My 10 All Time Favourite SAS Articles
I like to read SAS articles. In fact, articles inspire many of the posts on my blog. Today, I will show you the 10 articles that taught me the most. This was not an easy task. There are so many great articles. In so many fields within SAS. By so many great authors. Obviously, the articles that I present here reflect my own interest within the SAS language. In the bottom of the post, I will link to online resources where you can find articles that reflect your interest.
Proc Format Articles
The first two articles are about PROC FORMAT. One of my favorite procedures.
The Power of the PROC FORMAT by Jonas Bilenas. A boiled down version of the similar-named book The Power of the PROC FORMAT. A very nice overview of how to think of a SAS format. Also, you learn how to create an implement custom formats. Furthermore, it demonstrates format purposes, not obvious to may programmers such as lags, leads and lookups.

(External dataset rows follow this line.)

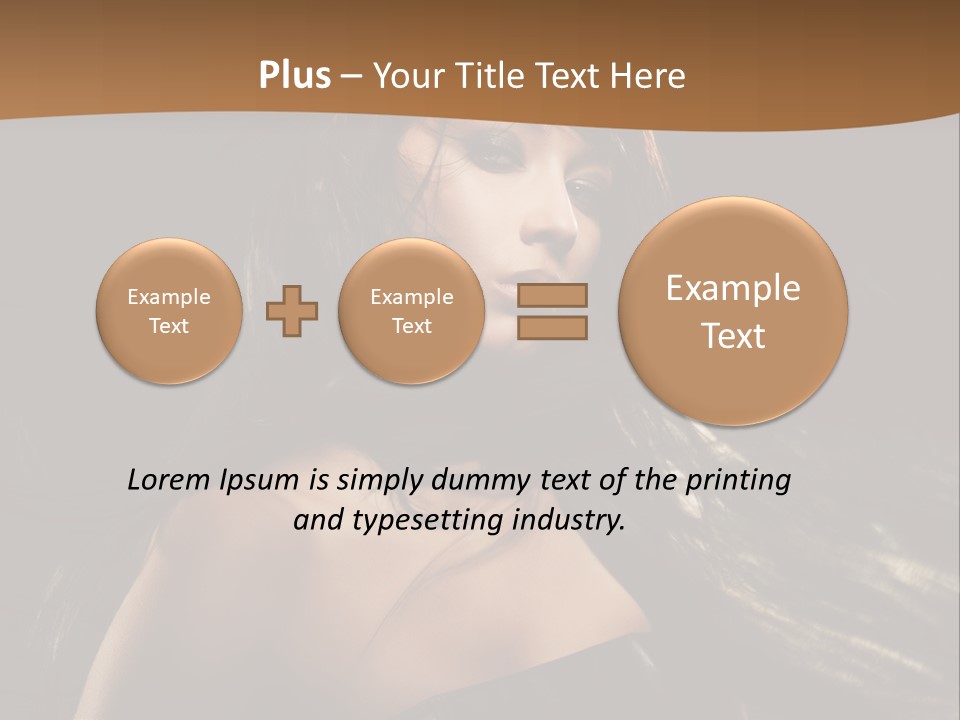 Concept Clock Retro PowerPoint Template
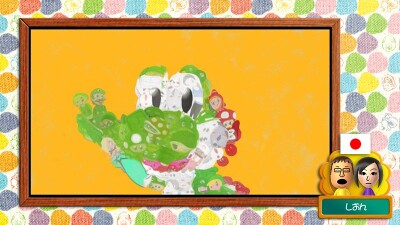 Art Academy SketchPad takes on Yoshi image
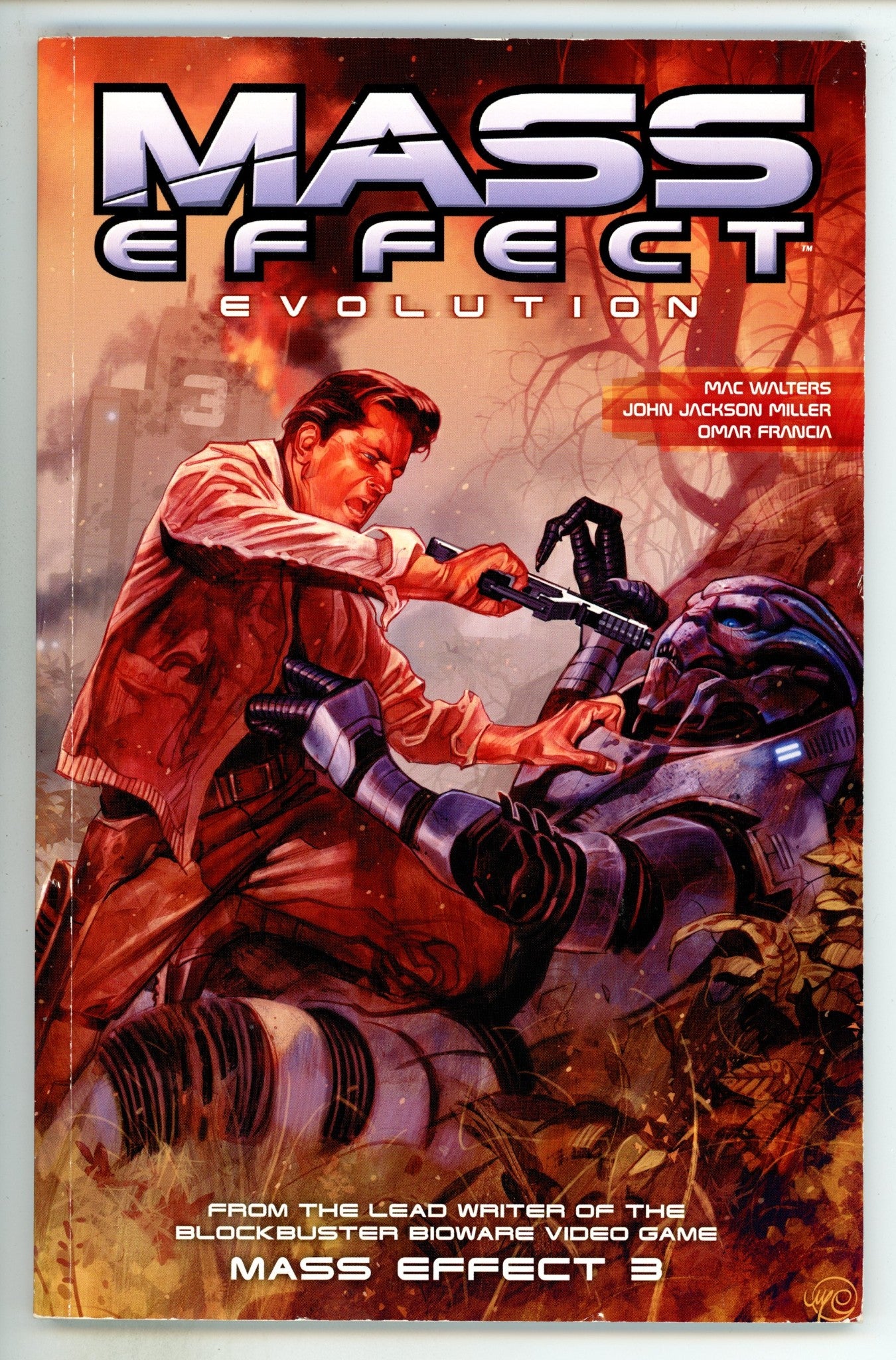 Mass Effect: Evolution TPB Vol 2   Mid Grade   (2011)       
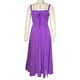 thumbnail image 4 of Vestido Midi Vestido Vestido Midi Bandage para mujer Sin espalda Moda Verano Vestido elegante Cóctel (Púrpura XL) Cgtredaw Para estrenar, 4 of 6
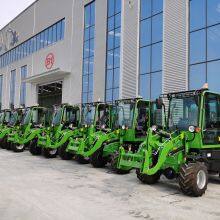 Hzm908 Jn908 800kg Loading Loader Mini Wood Machine Farm Mini Loader thumbnail-3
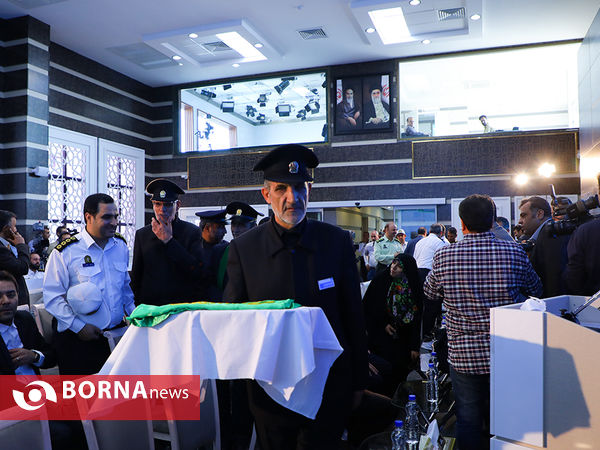 افتتاح مرکز فرماندهی و کنترل هوشمند پایتخت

Ten Things You Should Know About PROC FORMAT by Jack N Shoemaker. A very nice set of PROC FORMAT Facts that you should familiarize yourself with. Good examples are Multilabel Formats and Hybrid Formats. A very nice and easily readable article.
Data Step Articles
How to Think Through the SAS DATA Step by Ian Whitlock. If you want to know exactly how to think of data step processing, you have to read this article. After reading this, you will understand what the Program Data Vector is. What the _N_ Automatic Variable is. Compilation vs Execution and much more. Also, did you know that the W in DoW Loop stands for Whitlock?

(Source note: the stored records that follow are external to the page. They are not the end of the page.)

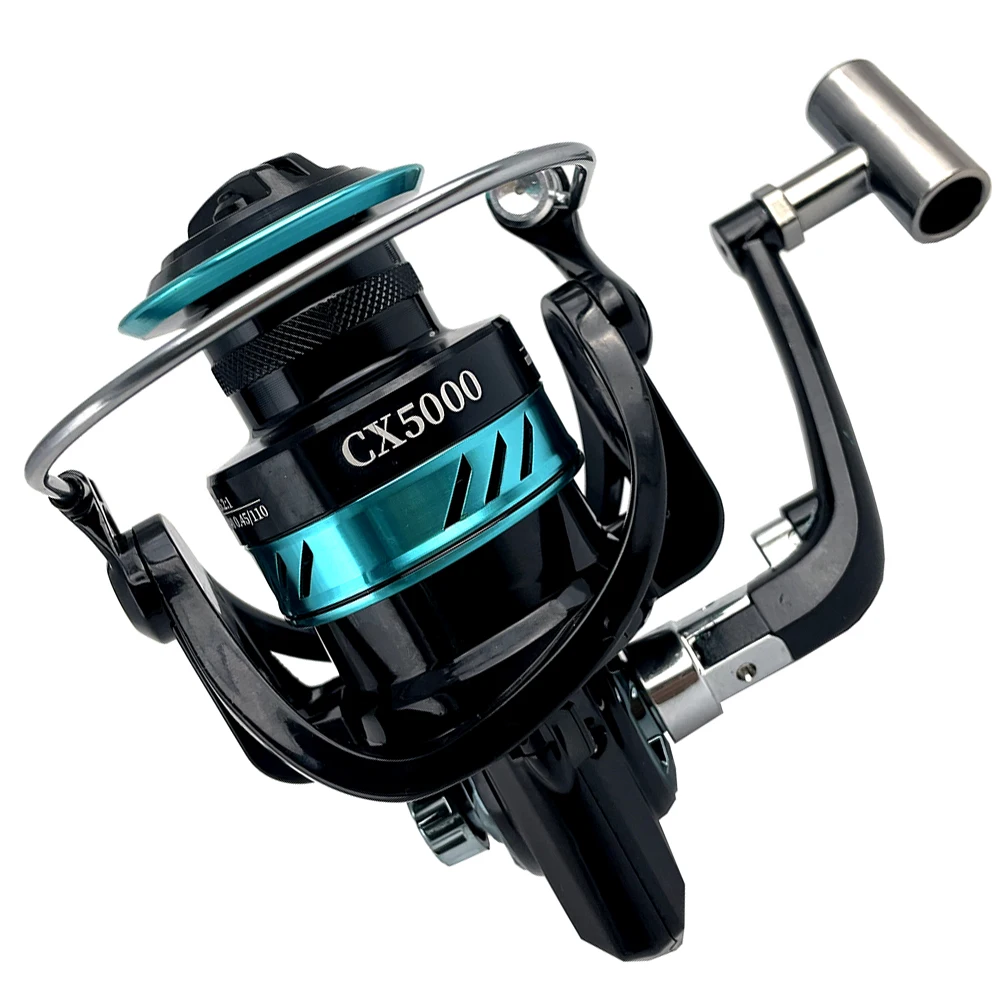 Carrete de pesca Jigging ultraligero Original, alimentador 5,2: 1, agua salada, nueva actualización 2000-7000, carrete de lanzamiento largo para surfear trucha al aire libre - imagen 5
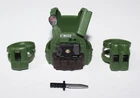 PURGE 50 Night Force Quick Kick Vest Lot GIJOE CLASSIFIED SERIES 6" Scale 1/12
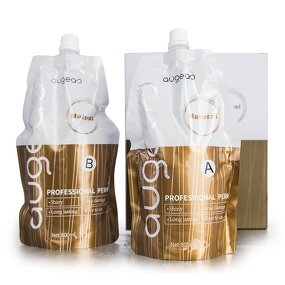 Hair Perm Lotion Manufacturer - OEM Brand Augeas Factory Good Smell Salon Professional Curl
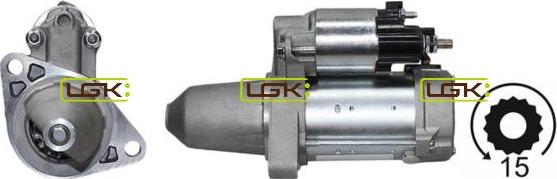 LGK 332213 - Démarreur droxauto.com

Direct Addressing Techniques Of Table Look-Up By Paul Dorfman. This article is from 1998. However, it is still relevant today. The article covers three lookup techniques Direct Accessing, Bitmapping and Hashing. Be aware that this was published before the hash object as we know it was available in the Data Step. Therefore, arrays are used to hold key and data variables. Different techniques are discussed to handle hash collisions. This article is a true masterpiece. Also, it was the inspiration of the blog post An Array Hashing Scheme in SAS.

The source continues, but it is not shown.